For the entries below, the result should be an exact transcription of the lines from the one with "Wyoming Union Building, University" up to and including the one with "Water Distiller Stainless", and only those.

++++ EXERCISE MATERIALS ++++

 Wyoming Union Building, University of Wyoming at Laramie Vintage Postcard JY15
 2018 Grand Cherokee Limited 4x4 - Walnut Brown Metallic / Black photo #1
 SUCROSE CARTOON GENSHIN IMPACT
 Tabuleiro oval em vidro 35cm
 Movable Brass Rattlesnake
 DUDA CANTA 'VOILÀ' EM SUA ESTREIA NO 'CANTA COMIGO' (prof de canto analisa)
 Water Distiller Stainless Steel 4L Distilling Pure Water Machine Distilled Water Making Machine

++++
++++ EXERCISE MATERIALS ++++

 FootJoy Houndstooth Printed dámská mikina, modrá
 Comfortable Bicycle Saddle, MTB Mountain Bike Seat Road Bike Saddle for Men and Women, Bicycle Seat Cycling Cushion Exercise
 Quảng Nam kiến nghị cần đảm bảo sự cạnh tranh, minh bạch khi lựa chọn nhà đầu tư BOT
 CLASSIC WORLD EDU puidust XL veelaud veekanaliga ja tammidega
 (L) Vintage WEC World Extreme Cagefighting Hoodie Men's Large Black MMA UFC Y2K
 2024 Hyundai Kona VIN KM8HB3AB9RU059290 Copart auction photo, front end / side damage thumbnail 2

++++
++++ EXERCISE MATERIALS ++++

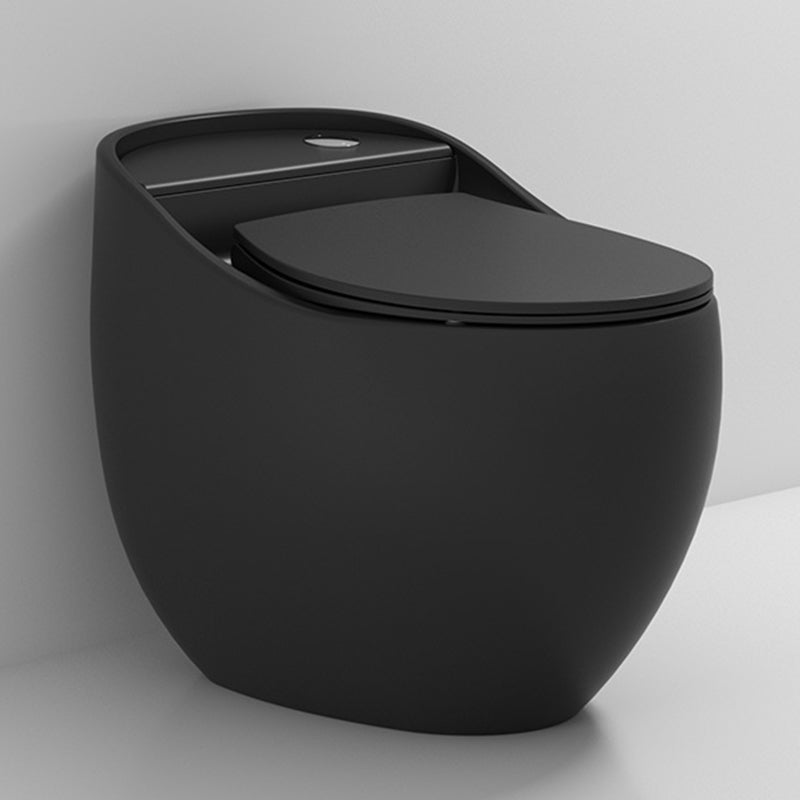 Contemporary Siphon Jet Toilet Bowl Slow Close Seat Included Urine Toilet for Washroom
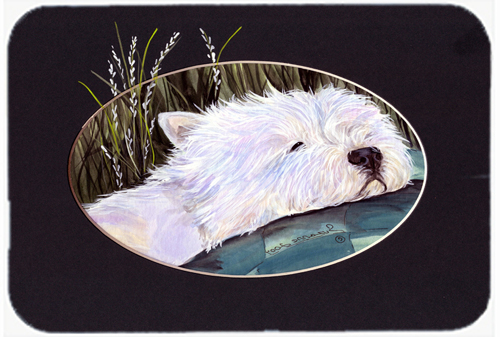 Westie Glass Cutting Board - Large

++++

→ **SOLUTION**:
 Wyoming Union Building, University of Wyoming at Laramie Vintage Postcard JY15
 2018 Grand Cherokee Limited 4x4 - Walnut Brown Metallic / Black photo #1
 SUCROSE CARTOON GENSHIN IMPACT
 Tabuleiro oval em vidro 35cm
 Movable Brass Rattlesnake
 DUDA CANTA 'VOILÀ' EM SUA ESTREIA NO 'CANTA COMIGO' (prof de canto analisa)
 Water Distiller Stainless Steel 4L Distilling Pure Water Machine Distilled Water Making Machine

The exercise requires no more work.